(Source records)
******
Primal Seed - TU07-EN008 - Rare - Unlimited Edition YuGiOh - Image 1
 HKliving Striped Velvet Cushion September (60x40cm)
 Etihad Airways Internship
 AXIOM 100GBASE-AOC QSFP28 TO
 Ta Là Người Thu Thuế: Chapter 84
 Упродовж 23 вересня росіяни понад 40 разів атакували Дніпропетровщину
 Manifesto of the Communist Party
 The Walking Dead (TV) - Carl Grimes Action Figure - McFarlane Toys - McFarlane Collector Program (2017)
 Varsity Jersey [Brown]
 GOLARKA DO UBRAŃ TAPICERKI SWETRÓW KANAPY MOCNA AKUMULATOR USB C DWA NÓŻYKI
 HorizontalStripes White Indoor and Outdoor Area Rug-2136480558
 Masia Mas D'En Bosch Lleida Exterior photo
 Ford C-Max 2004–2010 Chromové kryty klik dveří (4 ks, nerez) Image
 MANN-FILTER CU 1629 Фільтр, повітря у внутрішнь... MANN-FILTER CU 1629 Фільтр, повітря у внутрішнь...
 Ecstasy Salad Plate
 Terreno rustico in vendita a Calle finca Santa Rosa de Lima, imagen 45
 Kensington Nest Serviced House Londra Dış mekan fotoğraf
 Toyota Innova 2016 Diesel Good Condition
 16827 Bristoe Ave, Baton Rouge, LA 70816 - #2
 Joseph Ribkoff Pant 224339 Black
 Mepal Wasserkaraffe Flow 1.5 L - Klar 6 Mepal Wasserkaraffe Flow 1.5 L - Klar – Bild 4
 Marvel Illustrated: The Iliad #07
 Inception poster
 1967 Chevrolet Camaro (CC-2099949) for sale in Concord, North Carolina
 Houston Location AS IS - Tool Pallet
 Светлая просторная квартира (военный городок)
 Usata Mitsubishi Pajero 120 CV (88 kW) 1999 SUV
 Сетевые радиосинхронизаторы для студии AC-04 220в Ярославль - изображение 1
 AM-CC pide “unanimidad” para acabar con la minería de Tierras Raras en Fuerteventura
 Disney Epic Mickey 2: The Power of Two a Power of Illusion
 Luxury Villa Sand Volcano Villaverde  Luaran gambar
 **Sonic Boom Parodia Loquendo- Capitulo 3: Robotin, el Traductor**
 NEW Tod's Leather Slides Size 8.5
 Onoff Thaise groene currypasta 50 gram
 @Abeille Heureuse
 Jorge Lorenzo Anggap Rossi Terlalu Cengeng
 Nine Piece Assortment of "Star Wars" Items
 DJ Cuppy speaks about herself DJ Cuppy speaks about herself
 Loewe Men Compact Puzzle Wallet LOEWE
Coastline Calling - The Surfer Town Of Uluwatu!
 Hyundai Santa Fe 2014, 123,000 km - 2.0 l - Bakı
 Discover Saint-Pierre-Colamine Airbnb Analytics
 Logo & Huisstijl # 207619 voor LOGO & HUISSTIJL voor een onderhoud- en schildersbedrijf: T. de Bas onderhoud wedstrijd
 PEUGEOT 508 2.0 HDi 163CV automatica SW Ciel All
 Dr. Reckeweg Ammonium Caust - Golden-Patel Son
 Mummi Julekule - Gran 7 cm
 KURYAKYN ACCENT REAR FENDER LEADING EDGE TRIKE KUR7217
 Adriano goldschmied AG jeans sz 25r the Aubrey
******
▶ _TASK OBJECTIVE_
Every record above is to be transcribed exactly.

▶ _ANSWER TO THE EXERCISE_
Primal Seed - TU07-EN008 - Rare - Unlimited Edition YuGiOh - Image 1
 HKliving Striped Velvet Cushion September (60x40cm)
 Etihad Airways Internship
 AXIOM 100GBASE-AOC QSFP28 TO
 Ta Là Người Thu Thuế: Chapter 84
 Упродовж 23 вересня росіяни понад 40 разів атакували Дніпропетровщину
 Manifesto of the Communist Party
 The Walking Dead (TV) - Carl Grimes Action Figure - McFarlane Toys - McFarlane Collector Program (2017)
 Varsity Jersey [Brown]
 GOLARKA DO UBRAŃ TAPICERKI SWETRÓW KANAPY MOCNA AKUMULATOR USB C DWA NÓŻYKI
 HorizontalStripes White Indoor and Outdoor Area Rug-2136480558
 Masia Mas D'En Bosch Lleida Exterior photo
 Ford C-Max 2004–2010 Chromové kryty klik dveří (4 ks, nerez) Image
 MANN-FILTER CU 1629 Фільтр, повітря у внутрішнь... MANN-FILTER CU 1629 Фільтр, повітря у внутрішнь...
 Ecstasy Salad Plate
 Terreno rustico in vendita a Calle finca Santa Rosa de Lima, imagen 45
 Kensington Nest Serviced House Londra Dış mekan fotoğraf
 Toyota Innova 2016 Diesel Good Condition
 16827 Bristoe Ave, Baton Rouge, LA 70816 - #2
 Joseph Ribkoff Pant 224339 Black
 Mepal Wasserkaraffe Flow 1.5 L - Klar 6 Mepal Wasserkaraffe Flow 1.5 L - Klar – Bild 4
 Marvel Illustrated: The Iliad #07
 Inception poster
 1967 Chevrolet Camaro (CC-2099949) for sale in Concord, North Carolina
 Houston Location AS IS - Tool Pallet
 Светлая просторная квартира (военный городок)
 Usata Mitsubishi Pajero 120 CV (88 kW) 1999 SUV
 Сетевые радиосинхронизаторы для студии AC-04 220в Ярославль - изображение 1
 AM-CC pide “unanimidad” para acabar con la minería de Tierras Raras en Fuerteventura
 Disney Epic Mickey 2: The Power of Two a Power of Illusion
 Luxury Villa Sand Volcano Villaverde  Luaran gambar
 **Sonic Boom Parodia Loquendo- Capitulo 3: Robotin, el Traductor**
 NEW Tod's Leather Slides Size 8.5
 Onoff Thaise groene currypasta 50 gram
 @Abeille Heureuse
 Jorge Lorenzo Anggap Rossi Terlalu Cengeng
 Nine Piece Assortment of "Star Wars" Items
 DJ Cuppy speaks about herself DJ Cuppy speaks about herself
 Loewe Men Compact Puzzle Wallet LOEWE
Coastline Calling - The Surfer Town Of Uluwatu!
 Hyundai Santa Fe 2014, 123,000 km - 2.0 l - Bakı
 Discover Saint-Pierre-Colamine Airbnb Analytics
 Logo & Huisstijl # 207619 voor LOGO & HUISSTIJL voor een onderhoud- en schildersbedrijf: T. de Bas onderhoud wedstrijd
 PEUGEOT 508 2.0 HDi 163CV automatica SW Ciel All
 Dr. Reckeweg Ammonium Caust - Golden-Patel Son
 Mummi Julekule - Gran 7 cm
 KURYAKYN ACCENT REAR FENDER LEADING EDGE TRIKE KUR7217
 Adriano goldschmied AG jeans sz 25r the Aubrey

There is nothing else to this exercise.